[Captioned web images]

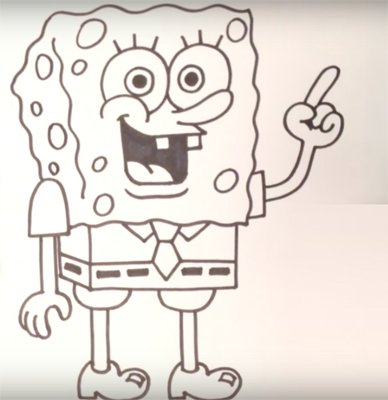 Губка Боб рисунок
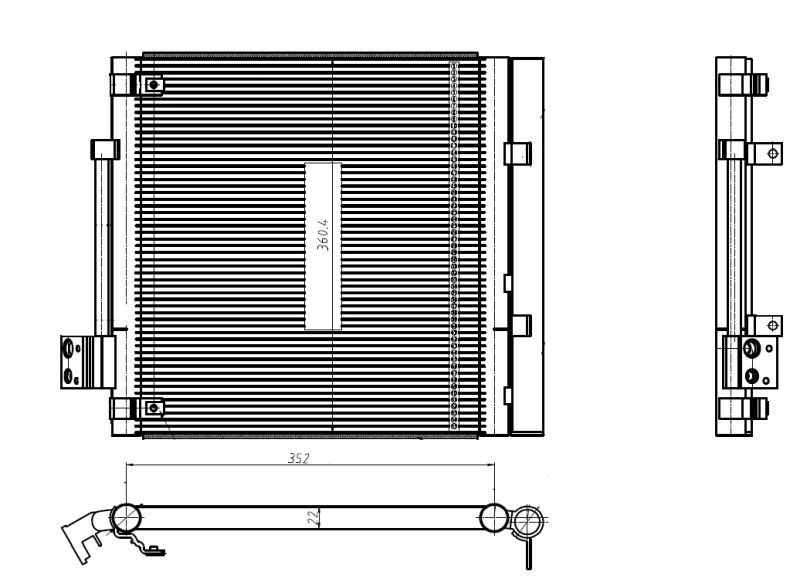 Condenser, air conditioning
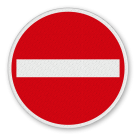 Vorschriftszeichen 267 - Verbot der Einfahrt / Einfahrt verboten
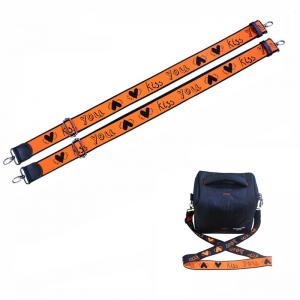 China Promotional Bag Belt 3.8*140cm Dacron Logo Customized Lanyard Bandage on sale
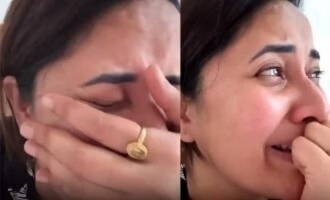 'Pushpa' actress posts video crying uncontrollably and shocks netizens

# EXERCISE INSTRUCTIONS:
Your answer must be the lines from the one containing "China Promotional Bag" through the last line of the records, printed exactly with no pictures; please include both ends.

# FINISHED EXERCISE:
 China Promotional Bag Belt 3.8*140cm Dacron Logo Customized Lanyard Bandage on sale
 'Pushpa' actress posts video crying uncontrollably and shocks netizens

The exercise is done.